DATASET CONTENT below:
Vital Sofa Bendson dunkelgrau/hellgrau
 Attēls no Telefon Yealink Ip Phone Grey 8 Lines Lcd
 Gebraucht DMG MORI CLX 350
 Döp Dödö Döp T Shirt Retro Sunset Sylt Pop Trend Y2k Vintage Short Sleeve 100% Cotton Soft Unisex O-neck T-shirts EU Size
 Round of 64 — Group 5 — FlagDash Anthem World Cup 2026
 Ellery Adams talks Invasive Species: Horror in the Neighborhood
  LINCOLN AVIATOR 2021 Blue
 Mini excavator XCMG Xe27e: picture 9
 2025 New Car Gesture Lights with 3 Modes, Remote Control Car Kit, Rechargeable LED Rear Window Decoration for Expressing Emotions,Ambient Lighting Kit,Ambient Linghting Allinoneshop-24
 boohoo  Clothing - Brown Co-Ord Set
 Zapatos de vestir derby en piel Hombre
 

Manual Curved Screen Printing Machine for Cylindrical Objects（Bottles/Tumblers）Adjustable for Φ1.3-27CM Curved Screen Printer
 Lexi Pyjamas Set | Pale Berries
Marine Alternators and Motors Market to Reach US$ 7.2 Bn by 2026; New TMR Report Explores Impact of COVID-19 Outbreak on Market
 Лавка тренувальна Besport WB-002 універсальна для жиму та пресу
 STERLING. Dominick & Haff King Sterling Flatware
End of DATASET CONTENT.
AIM OF THE EXERCISE:
Word for word, restate the lines from the one holding "2025 New Car" to the last line of the records.

FINAL ANSWER:
 2025 New Car Gesture Lights with 3 Modes, Remote Control Car Kit, Rechargeable LED Rear Window Decoration for Expressing Emotions,Ambient Lighting Kit,Ambient Linghting Allinoneshop-24
 boohoo  Clothing - Brown Co-Ord Set
 Zapatos de vestir derby en piel Hombre
 

Manual Curved Screen Printing Machine for Cylindrical Objects（Bottles/Tumblers）Adjustable for Φ1.3-27CM Curved Screen Printer
 Lexi Pyjamas Set | Pale Berries
Marine Alternators and Motors Market to Reach US$ 7.2 Bn by 2026; New TMR Report Explores Impact of COVID-19 Outbreak on Market
 Лавка тренувальна Besport WB-002 універсальна для жиму та пресу
 STERLING. Dominick & Haff King Sterling Flatware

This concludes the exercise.